_Task description_
Copy out exactly the lines below that run from the one holding "高考化学一轮复习 专题三 离子反应精练(含解析)-人教版高三全册化学试题..." to the one holding "Sancak Kaplan vs Cenk Sen h2h player stats", keeping both of those lines and no others.

Stored items
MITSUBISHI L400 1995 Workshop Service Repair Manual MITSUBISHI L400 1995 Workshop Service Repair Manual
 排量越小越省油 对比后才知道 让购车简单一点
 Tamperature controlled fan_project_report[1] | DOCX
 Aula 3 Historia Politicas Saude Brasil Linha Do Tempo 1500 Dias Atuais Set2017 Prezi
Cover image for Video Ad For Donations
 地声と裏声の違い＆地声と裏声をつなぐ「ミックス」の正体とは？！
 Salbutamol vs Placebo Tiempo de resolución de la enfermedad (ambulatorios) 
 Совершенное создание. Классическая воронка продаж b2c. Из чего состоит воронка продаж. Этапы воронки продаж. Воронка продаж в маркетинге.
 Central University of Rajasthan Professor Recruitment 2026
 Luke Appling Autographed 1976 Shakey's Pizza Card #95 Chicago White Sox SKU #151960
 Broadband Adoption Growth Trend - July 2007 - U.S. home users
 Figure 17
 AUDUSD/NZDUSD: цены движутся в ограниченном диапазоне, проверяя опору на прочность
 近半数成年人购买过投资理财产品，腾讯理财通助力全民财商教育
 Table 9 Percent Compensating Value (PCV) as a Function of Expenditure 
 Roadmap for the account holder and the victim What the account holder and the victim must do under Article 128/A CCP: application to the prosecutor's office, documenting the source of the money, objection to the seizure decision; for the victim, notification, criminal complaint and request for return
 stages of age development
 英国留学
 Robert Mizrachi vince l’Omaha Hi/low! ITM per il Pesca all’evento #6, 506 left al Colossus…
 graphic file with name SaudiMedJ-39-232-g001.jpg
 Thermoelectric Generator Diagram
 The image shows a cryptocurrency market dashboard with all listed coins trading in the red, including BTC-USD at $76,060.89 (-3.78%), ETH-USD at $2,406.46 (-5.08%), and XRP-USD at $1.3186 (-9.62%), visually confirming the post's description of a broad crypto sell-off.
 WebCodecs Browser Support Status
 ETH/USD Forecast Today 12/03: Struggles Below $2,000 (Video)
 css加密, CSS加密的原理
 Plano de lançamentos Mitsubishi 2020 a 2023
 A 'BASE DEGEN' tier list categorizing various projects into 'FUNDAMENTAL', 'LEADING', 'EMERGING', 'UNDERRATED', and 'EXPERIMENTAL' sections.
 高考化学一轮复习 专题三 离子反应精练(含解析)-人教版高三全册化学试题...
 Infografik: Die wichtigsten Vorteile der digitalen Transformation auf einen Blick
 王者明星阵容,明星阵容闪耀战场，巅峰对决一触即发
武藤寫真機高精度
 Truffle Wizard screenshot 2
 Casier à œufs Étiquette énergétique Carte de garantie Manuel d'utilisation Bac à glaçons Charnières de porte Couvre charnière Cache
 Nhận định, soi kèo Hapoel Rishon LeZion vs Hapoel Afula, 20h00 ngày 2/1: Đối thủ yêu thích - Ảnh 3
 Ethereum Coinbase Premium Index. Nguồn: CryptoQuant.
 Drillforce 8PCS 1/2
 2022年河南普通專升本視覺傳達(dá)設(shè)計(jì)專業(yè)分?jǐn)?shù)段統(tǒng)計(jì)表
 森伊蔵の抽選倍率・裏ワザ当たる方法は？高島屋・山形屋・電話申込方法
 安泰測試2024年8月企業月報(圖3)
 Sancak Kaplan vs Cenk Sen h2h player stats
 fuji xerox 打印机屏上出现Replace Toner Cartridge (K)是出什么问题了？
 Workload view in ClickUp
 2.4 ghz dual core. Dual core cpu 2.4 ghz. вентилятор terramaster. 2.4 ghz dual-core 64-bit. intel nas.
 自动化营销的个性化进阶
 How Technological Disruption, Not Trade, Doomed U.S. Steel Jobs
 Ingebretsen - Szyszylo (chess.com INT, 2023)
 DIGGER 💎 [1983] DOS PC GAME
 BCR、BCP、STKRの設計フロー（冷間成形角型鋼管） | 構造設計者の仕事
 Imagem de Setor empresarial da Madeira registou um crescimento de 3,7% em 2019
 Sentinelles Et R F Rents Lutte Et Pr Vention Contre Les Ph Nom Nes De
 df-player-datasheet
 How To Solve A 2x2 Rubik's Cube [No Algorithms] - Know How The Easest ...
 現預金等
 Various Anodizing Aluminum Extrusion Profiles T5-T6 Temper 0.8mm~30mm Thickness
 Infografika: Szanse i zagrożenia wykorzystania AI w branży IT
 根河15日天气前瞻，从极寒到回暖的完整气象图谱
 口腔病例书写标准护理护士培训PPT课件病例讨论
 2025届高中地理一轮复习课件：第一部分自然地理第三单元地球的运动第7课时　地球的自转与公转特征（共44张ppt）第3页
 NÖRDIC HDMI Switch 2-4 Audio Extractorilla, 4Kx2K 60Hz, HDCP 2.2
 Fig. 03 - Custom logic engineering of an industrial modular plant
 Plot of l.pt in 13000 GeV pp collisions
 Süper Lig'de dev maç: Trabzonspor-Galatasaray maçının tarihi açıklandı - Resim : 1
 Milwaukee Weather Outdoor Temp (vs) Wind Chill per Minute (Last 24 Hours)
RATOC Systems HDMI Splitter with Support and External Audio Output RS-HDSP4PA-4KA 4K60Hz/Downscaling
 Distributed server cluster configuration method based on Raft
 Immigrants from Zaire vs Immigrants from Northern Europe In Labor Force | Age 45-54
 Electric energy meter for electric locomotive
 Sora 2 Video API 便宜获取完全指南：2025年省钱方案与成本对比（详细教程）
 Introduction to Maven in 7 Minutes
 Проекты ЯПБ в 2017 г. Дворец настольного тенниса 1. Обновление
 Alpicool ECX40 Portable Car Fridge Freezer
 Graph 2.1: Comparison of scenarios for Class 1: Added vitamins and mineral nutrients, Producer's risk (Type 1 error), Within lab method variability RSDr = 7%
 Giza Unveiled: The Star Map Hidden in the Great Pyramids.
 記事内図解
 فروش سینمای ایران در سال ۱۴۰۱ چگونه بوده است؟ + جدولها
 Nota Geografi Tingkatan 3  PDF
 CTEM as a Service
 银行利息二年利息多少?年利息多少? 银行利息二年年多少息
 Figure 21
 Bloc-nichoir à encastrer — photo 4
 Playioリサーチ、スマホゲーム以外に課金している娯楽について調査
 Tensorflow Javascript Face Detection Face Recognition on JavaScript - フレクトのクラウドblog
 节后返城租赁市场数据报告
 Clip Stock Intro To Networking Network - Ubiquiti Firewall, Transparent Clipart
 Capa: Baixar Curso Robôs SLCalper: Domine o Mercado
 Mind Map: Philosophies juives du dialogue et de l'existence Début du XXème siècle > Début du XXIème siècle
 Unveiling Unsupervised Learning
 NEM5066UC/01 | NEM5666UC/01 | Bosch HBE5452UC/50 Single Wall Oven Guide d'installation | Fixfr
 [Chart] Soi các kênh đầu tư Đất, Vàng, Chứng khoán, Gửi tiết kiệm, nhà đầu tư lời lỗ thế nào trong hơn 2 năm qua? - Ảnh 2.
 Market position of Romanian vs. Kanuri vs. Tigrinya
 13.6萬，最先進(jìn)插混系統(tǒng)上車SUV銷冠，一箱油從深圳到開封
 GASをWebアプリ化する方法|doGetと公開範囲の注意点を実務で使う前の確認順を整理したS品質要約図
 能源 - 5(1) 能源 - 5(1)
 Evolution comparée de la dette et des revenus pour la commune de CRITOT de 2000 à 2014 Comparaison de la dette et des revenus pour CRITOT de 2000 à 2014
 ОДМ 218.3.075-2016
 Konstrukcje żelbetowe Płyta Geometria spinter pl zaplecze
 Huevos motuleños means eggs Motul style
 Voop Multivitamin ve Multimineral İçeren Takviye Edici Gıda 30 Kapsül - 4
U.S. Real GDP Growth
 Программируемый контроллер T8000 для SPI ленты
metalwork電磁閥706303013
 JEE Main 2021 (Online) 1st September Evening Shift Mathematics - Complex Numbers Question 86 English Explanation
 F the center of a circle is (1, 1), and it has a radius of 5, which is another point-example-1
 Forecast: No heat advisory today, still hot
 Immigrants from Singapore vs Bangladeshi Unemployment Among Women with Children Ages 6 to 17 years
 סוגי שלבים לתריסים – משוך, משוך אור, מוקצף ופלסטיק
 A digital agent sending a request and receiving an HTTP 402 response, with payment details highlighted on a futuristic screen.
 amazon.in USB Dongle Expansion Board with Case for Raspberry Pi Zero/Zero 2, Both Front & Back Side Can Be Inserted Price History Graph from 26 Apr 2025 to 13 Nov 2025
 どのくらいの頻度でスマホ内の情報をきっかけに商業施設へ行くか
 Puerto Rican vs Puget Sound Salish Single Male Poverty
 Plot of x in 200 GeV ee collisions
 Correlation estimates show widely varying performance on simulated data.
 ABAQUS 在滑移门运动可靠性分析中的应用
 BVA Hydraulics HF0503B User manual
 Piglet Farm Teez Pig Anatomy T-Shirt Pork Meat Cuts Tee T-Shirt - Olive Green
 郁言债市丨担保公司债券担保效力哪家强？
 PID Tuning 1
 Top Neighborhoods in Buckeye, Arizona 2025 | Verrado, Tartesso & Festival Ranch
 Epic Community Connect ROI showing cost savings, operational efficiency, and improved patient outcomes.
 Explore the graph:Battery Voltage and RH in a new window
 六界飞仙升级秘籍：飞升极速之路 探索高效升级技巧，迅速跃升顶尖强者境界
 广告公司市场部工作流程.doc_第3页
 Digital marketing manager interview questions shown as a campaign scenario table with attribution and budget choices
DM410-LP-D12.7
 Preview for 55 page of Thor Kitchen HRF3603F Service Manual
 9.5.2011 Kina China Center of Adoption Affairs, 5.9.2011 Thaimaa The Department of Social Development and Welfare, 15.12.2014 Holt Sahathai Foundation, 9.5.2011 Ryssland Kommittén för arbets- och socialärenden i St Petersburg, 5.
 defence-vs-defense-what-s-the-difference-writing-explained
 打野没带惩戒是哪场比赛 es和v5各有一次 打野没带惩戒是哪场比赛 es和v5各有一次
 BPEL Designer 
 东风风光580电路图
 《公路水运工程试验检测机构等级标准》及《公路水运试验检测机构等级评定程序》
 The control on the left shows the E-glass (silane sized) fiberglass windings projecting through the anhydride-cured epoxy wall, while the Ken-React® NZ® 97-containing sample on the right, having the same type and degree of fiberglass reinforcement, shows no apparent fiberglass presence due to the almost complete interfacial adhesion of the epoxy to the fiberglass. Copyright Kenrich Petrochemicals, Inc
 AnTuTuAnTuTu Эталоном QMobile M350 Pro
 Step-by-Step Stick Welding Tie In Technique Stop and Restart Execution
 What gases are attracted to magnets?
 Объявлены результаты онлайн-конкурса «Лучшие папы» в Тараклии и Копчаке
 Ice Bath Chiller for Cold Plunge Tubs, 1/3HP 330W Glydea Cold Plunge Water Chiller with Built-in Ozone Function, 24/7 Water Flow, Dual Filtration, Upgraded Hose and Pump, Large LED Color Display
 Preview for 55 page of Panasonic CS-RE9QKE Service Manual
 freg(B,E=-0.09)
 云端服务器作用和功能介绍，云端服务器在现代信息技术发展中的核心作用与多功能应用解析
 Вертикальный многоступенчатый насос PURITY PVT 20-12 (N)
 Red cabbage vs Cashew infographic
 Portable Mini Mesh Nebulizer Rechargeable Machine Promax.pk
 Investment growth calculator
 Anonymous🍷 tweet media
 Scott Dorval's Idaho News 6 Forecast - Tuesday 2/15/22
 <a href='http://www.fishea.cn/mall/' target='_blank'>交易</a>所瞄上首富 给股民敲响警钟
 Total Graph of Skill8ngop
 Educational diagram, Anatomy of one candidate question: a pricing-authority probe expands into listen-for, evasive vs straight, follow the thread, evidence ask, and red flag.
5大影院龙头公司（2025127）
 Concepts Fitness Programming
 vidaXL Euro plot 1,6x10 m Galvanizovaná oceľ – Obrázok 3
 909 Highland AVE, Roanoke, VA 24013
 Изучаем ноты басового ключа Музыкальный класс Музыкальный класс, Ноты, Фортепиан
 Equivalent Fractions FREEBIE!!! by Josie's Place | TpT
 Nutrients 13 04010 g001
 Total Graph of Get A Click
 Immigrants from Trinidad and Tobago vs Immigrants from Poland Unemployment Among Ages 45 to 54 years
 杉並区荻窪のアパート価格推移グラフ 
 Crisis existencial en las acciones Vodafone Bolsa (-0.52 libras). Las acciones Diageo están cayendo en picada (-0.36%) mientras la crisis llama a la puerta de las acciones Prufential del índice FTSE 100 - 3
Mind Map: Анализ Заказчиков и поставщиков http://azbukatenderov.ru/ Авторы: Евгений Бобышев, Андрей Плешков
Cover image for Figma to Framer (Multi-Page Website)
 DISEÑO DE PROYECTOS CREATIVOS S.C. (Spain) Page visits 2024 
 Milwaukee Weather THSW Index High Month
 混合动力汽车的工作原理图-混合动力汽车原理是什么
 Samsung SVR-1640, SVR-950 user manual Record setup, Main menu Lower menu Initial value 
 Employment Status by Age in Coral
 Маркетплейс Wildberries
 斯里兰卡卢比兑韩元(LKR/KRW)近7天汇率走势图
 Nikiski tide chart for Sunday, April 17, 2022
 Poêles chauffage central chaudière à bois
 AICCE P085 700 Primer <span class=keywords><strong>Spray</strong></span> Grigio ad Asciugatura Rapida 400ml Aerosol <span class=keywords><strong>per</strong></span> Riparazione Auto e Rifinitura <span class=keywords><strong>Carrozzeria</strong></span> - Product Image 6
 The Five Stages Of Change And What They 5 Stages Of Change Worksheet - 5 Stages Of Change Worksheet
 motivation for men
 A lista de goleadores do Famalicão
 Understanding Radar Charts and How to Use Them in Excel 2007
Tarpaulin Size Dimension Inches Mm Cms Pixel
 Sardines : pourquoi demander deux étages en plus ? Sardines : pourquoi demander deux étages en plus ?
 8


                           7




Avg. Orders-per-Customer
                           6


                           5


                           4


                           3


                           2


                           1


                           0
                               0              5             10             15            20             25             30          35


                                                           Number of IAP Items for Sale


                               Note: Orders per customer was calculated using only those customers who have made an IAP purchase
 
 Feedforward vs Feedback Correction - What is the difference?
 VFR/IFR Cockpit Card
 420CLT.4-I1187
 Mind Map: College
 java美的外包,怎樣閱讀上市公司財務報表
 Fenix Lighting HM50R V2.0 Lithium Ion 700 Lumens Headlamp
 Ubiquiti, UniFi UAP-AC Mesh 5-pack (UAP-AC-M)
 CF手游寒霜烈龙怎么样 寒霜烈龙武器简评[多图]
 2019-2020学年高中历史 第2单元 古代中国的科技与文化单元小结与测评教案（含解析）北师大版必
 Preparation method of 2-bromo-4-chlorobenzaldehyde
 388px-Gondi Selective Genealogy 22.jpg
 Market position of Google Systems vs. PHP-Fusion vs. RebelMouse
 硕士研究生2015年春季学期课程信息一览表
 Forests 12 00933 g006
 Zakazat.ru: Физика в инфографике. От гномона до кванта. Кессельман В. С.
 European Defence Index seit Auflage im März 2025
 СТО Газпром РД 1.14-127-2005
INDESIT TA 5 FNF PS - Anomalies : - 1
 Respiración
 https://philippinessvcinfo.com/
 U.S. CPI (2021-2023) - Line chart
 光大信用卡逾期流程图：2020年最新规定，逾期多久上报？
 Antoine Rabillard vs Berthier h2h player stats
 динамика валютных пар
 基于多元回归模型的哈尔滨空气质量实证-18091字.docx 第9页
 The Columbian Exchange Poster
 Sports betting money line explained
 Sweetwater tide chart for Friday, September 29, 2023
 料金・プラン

_Written reply_
 高考化学一轮复习 专题三 离子反应精练(含解析)-人教版高三全册化学试题...
 Infografik: Die wichtigsten Vorteile der digitalen Transformation auf einen Blick
 王者明星阵容,明星阵容闪耀战场，巅峰对决一触即发
武藤寫真機高精度
 Truffle Wizard screenshot 2
 Casier à œufs Étiquette énergétique Carte de garantie Manuel d'utilisation Bac à glaçons Charnières de porte Couvre charnière Cache
 Nhận định, soi kèo Hapoel Rishon LeZion vs Hapoel Afula, 20h00 ngày 2/1: Đối thủ yêu thích - Ảnh 3
 Ethereum Coinbase Premium Index. Nguồn: CryptoQuant.
 Drillforce 8PCS 1/2
 2022年河南普通專升本視覺傳達(dá)設(shè)計(jì)專業(yè)分?jǐn)?shù)段統(tǒng)計(jì)表
 森伊蔵の抽選倍率・裏ワザ当たる方法は？高島屋・山形屋・電話申込方法
 安泰測試2024年8月企業月報(圖3)
 Sancak Kaplan vs Cenk Sen h2h player stats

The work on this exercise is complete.